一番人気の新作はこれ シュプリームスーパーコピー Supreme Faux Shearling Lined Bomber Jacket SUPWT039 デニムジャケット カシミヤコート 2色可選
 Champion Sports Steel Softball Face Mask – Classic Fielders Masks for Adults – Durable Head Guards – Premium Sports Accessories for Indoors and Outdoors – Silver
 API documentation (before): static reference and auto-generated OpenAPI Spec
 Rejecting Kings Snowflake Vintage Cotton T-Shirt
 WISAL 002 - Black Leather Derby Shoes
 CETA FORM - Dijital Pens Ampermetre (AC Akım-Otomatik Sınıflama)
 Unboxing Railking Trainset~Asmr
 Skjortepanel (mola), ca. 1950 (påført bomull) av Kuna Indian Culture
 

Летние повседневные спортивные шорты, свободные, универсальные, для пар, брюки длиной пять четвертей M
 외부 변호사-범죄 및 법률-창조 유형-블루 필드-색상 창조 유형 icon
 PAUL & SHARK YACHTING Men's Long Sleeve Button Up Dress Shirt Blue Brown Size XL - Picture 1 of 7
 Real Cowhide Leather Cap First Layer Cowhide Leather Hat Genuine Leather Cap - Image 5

**Instructions for the task**
Give back the entries exactly. Omit none of them.

**Output**
一番人気の新作はこれ シュプリームスーパーコピー Supreme Faux Shearling Lined Bomber Jacket SUPWT039 デニムジャケット カシミヤコート 2色可選
 Champion Sports Steel Softball Face Mask – Classic Fielders Masks for Adults – Durable Head Guards – Premium Sports Accessories for Indoors and Outdoors – Silver
 API documentation (before): static reference and auto-generated OpenAPI Spec
 Rejecting Kings Snowflake Vintage Cotton T-Shirt
 WISAL 002 - Black Leather Derby Shoes
 CETA FORM - Dijital Pens Ampermetre (AC Akım-Otomatik Sınıflama)
 Unboxing Railking Trainset~Asmr
 Skjortepanel (mola), ca. 1950 (påført bomull) av Kuna Indian Culture
 

Летние повседневные спортивные шорты, свободные, универсальные, для пар, брюки длиной пять четвертей M
 외부 변호사-범죄 및 법률-창조 유형-블루 필드-색상 창조 유형 icon
 PAUL & SHARK YACHTING Men's Long Sleeve Button Up Dress Shirt Blue Brown Size XL - Picture 1 of 7
 Real Cowhide Leather Cap First Layer Cowhide Leather Hat Genuine Leather Cap - Image 5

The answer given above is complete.